**Records**
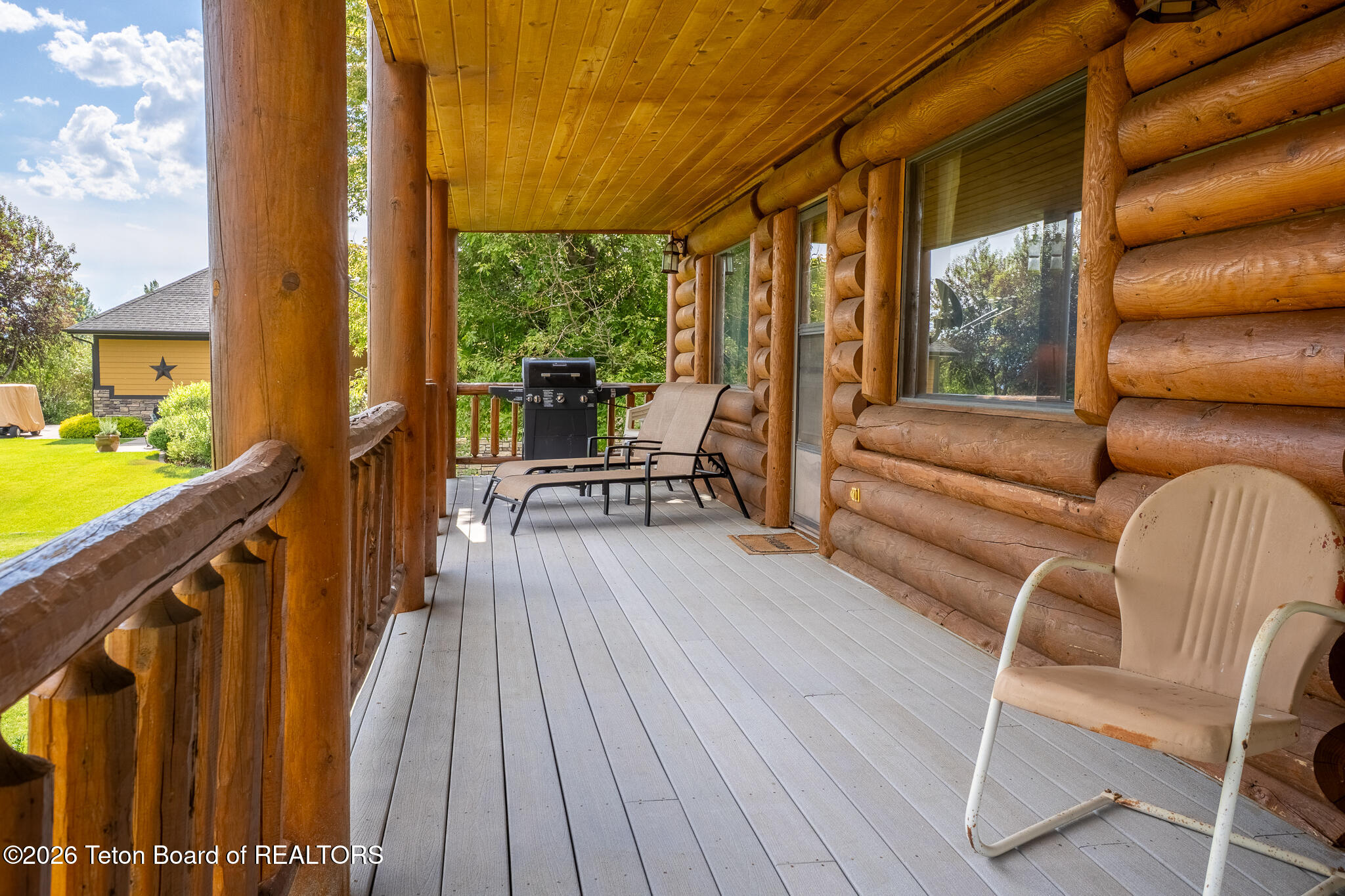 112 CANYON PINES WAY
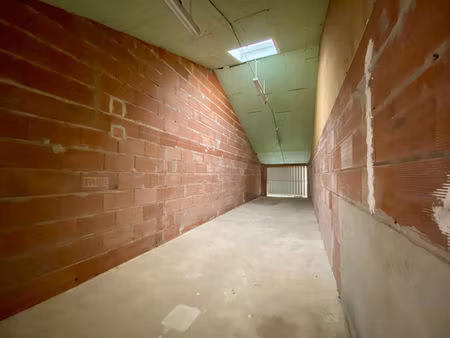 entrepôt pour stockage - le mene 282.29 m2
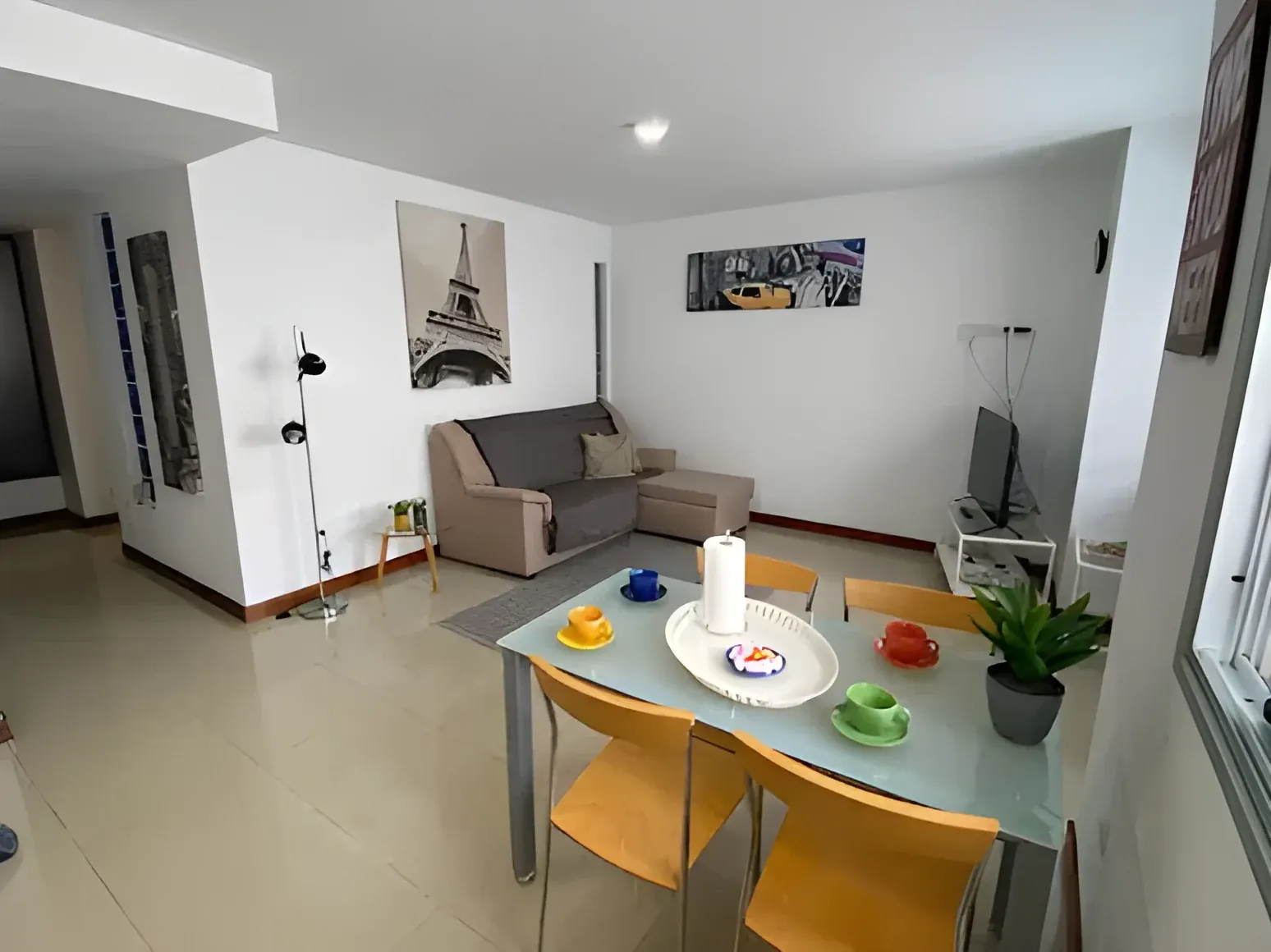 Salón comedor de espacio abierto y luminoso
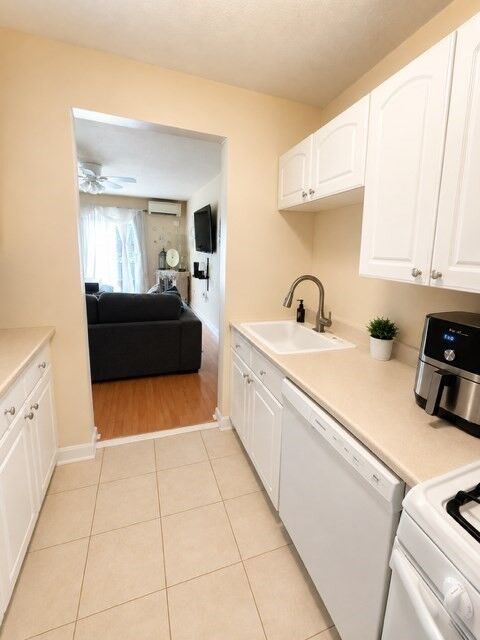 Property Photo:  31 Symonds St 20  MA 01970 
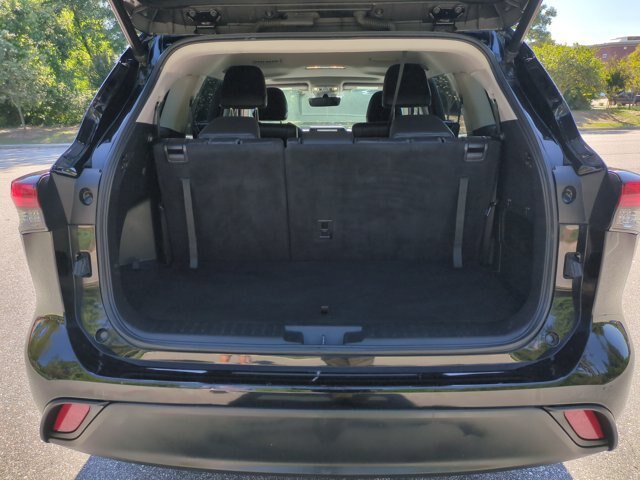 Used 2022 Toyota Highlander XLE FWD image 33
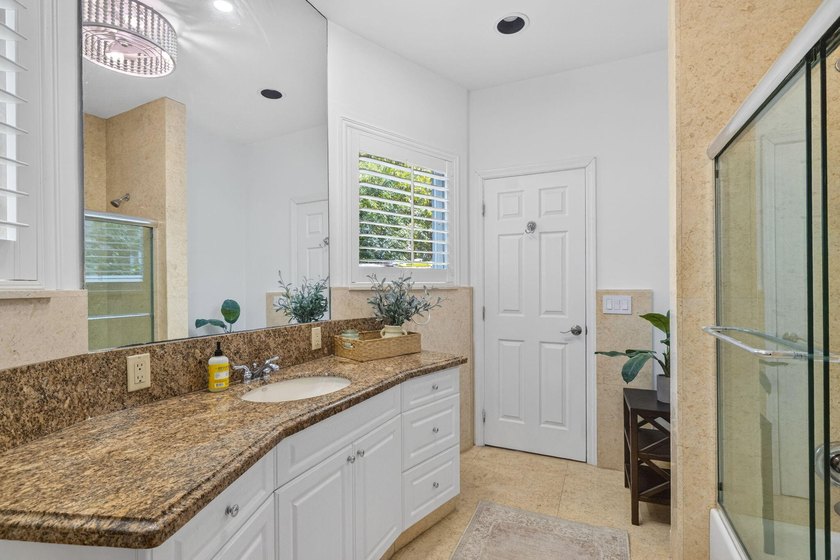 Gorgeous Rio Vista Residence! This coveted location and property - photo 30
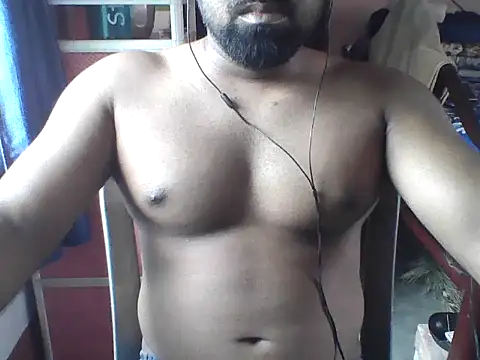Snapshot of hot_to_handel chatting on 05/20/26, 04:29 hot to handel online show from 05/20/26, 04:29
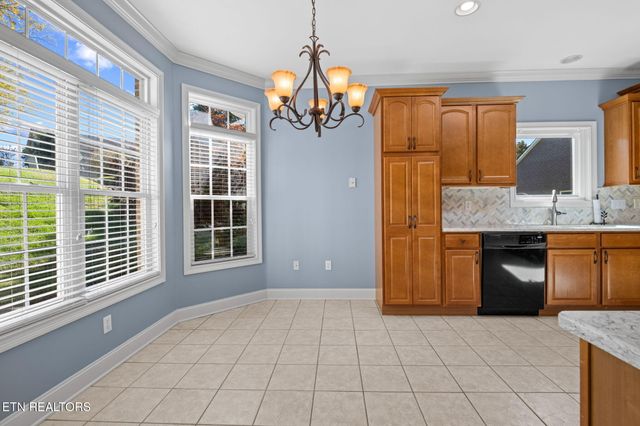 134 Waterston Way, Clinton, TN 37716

==

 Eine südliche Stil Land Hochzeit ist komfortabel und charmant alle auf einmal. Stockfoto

**The task**
Pictures in the material above should be skipped; print exactly the lines from the one with "entrepôt pour stockage - le mene 282.29 m2" through the one with "Gorgeous Rio Vista".

**Answer box**
 entrepôt pour stockage - le mene 282.29 m2
 Salón comedor de espacio abierto y luminoso
 Property Photo:  31 Symonds St 20  MA 01970 
 Used 2022 Toyota Highlander XLE FWD image 33
 Gorgeous Rio Vista Residence! This coveted location and property - photo 30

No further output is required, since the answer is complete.